Contrary to what one might expect, today Texans and southerners are evenly divided on the issue of same-sex marriage. Forty-eight percent of Texans favor allowing gay and lesbian couples to marry legally, compared to 49 percent who oppose. Support for same-sex marriage among Texans has doubled during the last 10 years, up from 24 percent a decade ago according to a 2003 poll from Pew Research Center. And despite Texans' pride in being "like a whole other country," Texas is no outlier among southern states. In the South overall, support for same-sex marriage has similarly risen from 22 percent in 2003 to 48 percent in 2013.

Don't let that last figure be lost on you. In ten years, support for gay marriage has more than doubled in the American South.

Millennial Revolution

The Millennial Revolution

How do you explain that revolution of public opinion in just ten short years? The data show that the primary factor is not regional but generational. The Millennial generation and younger simply do not believe what their parents and grandparents have believed about the definition of marriage. Ten years ago, these young people were not a part of public opinion polls. Now they are, and they are beginning to outnumber their more conservative forebears. In another ten years (perhaps before), the revolution will be total. Those of us who hold to a traditional view of marriage (and of sexual morality in general) will be in a decided minority from sea to shining sea.
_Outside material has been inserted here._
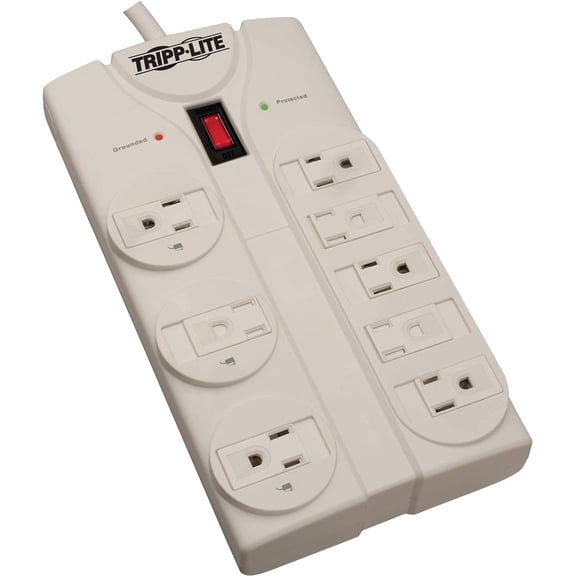 8 Outlet Sur Protector Power Strip, Extra Long Cord 25ft, Right-Angle Plug, Lifetime Limited Warranty & Dollar 75K Insurance (TLP825) , White
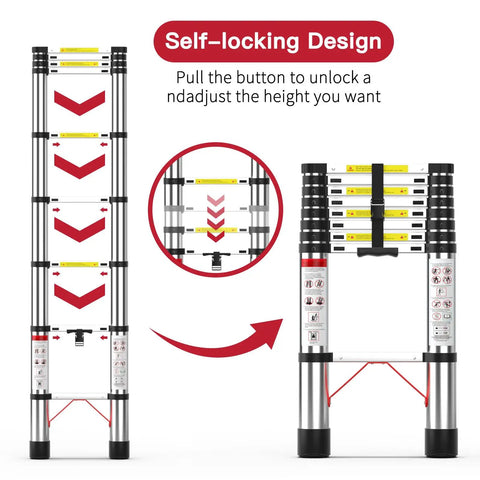 8.5 Ft Telescoping Aluminum Ladder With 330 Lb Capacity, Foldable Retractable Extension Ladder For Home Chores Attic Roof RV And Outdoor Cleaning, Stable Locking System For Safe Easy Climb self-locking design shown folded and extended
What does that mean for us as Christians? It means that we will need to get used to the fact that the South is no longer a cultural Zion in the midst of Babylon. Cultural Christianity is dead, and we are going to be a minority in the culture. Our expectations need to change. That means that we need to be developing a vision for what it will look like for us to be a genuine counter-culture moving forward.

Our children will be facing a culture that despises the biblical view of sexuality, of manhood and womanhood, of gender roles, and of homelife. A major part of their discipleship will mean teaching and modeling those things before them in a hostile context in which faithfulness might be costly. Nevertheless, this is what we are called to if we would be taking our marching orders from Christ and not from the culture.